By Phyllis McCrossin

It’s Sunday evening and the trailer is quiet. Too quiet — or, maybe not.

It’s been a busy 10 days.

There is a reason people don’t generally have children after 40. They are quite exhausting.

OK. That’s exhausting in a good way, but still exhausting.

King and I have started our winter babysitting duties. That is to say every other week we don our grandparenting capes and take charge of our twin 8-year-old grandsons. Our not-quite divorced daughter and her soon-to-be-ex have joint custody – 50/50 — one week with her, one week with him. They make it work.

(Good for them, right?) She remains unencumbered, he has a new live-in. You can blame COVID for part of the two-year delay in her freedom.

I’m not so certain our daughter truly looks forward to having us descend on her for six months of the year – other than the fact that she is extremely grateful for the day care help we provide. As a real estate agent, her hours can be unpredictable.

King and I will brave two-hour commutes in shit-show California traffic to help her out. (Normal commute time from our campground to her home is 45 minutes. We’d stay closer if we could, but campgrounds in her area have an age limit for trailers. Ours is too old to get in).

Now, I can drive (and have driven), in California traffic if I have to, but I’ll be honest – if given the choice between standing naked in the freezing cold and scraping the windshield with a credit card or driving in six lanes of bumper-to-bumper traffic with motorcyclists zipping between cars – I’ll take the former. King drives and I sit in the passenger seat and make the appropriate noises.

Our job is to make ourselves available to pick up our grandsons after school and babysit until our daughter can get off from work. It’s something we happily do.

When we are not in California the boys go to an (expensive) after school program, but now that Grandma and Poppa are here, they have indicated they would rather go home after school.

Now, I have had the pleasure of picking up and dropping off grandchildren in the past. King has been on the other end of that endeavor as he was generally the school administrator standing outside overseeing the chaos. And it is chaos. When we lived in Alma, I watched as entitled parents in their SUVs actually drove across the school lawn to pick kids up. Not cut corners and drive over a little grass – but actually drive up onto the lawn as if there were a circular driveway in front of the school.

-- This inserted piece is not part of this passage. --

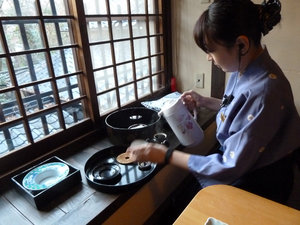 Tea ceremony by arrival Ryokan Yamamizuki, Kurokawa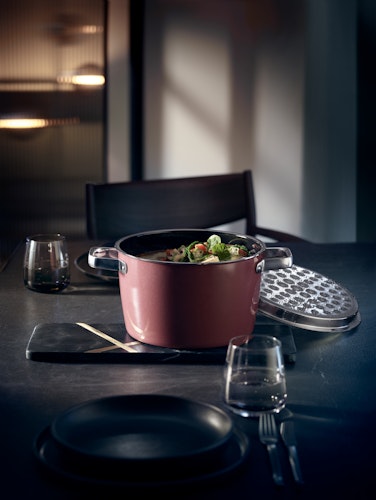 WMF Fleischtopf 22 cm Aromatic Rose Quartz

The school here in Carlsbad, Calif., is not much better. There is a round-about about 20 feet before the driveway to the school. King and I have been in line at the time school lets out and we have been there 30 minutes before school lets out. It does not matter — it’s always the same mass confusion.

(The school district the boys attend does not provide school buses. Those California districts that do, charge for the service). Can you imagine 300 parents lined up to pick up their children after school? There are a few children – very few—who live close enough to walk. I’ve walked with the boys once – it took about 20 minutes, but in today’s creepy world, I would never let them walk alone.

So we join the ranks of parents who line up and wait. School gets out at 2:20. By 2 p.m. the line is down the block and almost to the main street a mile away. By 2:15 parents are starting to by-pass the line, drive THROUGH the round-about (as in over the center circle), and cut into the parking lot. I’ve watched it happen all week. After two days I quit complaining to King about the offenders. For his part, I suspect King has probably seen it all anyway.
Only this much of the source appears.